The steam generation chamber 54 can be integral with or thermally connected to the soleplate assembly 18. According to various embodiments, the outer soleplate 38 of the soleplate assembly 18 and the steam generating chamber 54 are each configured to operate at different temperatures allowing steam to be generated while also allowing the outer soleplate 38 to function at lower temperatures, such as needed for delicate fabrics. More water can be injected into the soleplate assembly 18 in order to control relative temperatures in various portions of the soleplate assembly 18. For example, injecting more water into the steam generating chamber 54 may reduce a temperature of the inner soleplate 20 while having less effect on the outer soleplate 38, or vice-versa. Heat transfer to the outer soleplate 38 comes from the steam and all conductive connections.

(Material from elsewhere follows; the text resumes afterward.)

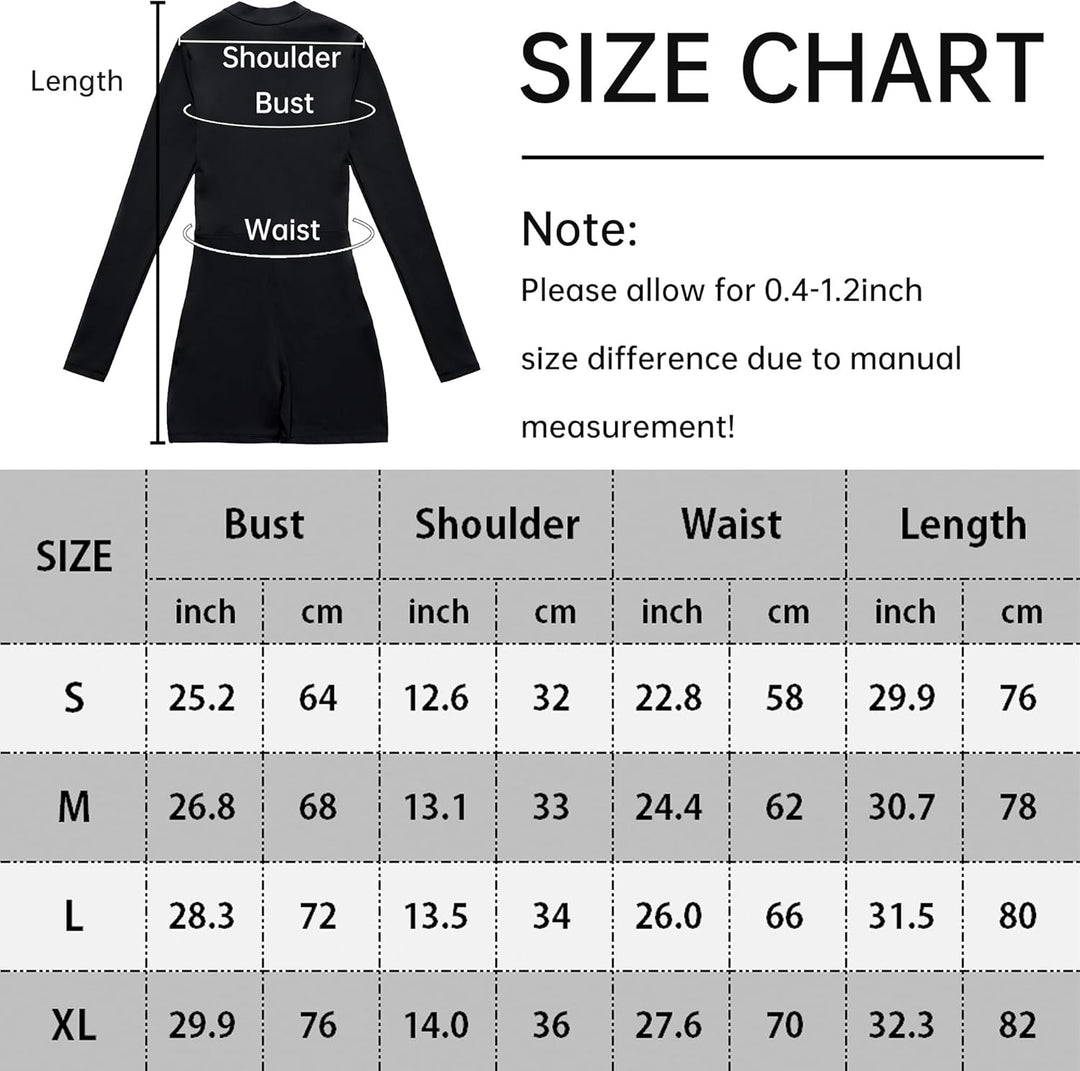 AIEOE Sport Jumpsuit Damen Kurz Eng Yoga Langarm One Piece mit Kragen Reissverschluss Bodysuit Plays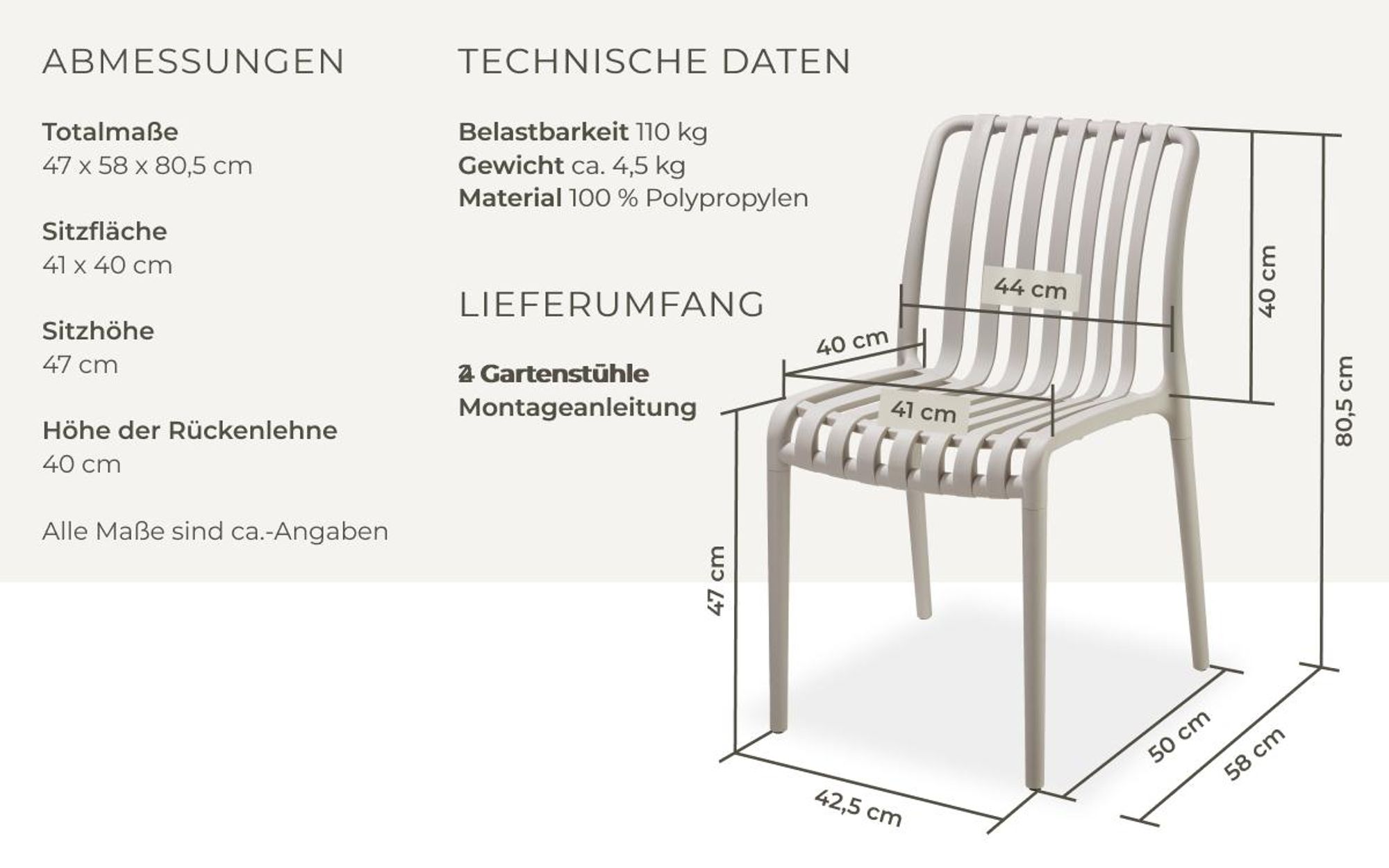 tectake® Gartenstühle Alcudia, wetterfest, stapelbar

A benefit of the design of the soleplate assembly 18 in accordance with the present invention, as described herein, the preferred construction avoids undesirable dripping of unboiled (liquid phase) water when the iron is in a horizontal position, a vertical position, or various angled positions. Therefore, disclosed is an iron 10 with the steam generating chamber 54 design for fabric steaming, where the chamber 54 has fluid channeling and guiding features provided by guide elements 30 to fully convert liquid water to steam and to thus prevent liquid water from dripping in multiple orientations while providing a large outer soleplate 38 for ironing. The steam generation chamber 54 at least partially defines the fluid flow path 106 with a number of guide elements 30. The guide elements 30 can include multiple rings of barriers, such as an inner barrier (or set of barriers), an intermediate barrier (or set of barriers), and an outer barrier (or set of barriers). Any number of barriers are contemplated herein. As shown, the various rings of barriers can be generally concentric and can be non-continuous in certain selected areas.
The steam generation chamber 54 is preferably closely positioned to the heating element 78 that is preferably integrated into the inner soleplate 20 of the soleplate assembly 18. The steam generation surface 55 is therefore preferably directly adjacent to the internal heating element 78. Moreover, the position of the heating element 78 within the inner soleplate 20 can define a central hot zone 81 of the steam generation surface 55.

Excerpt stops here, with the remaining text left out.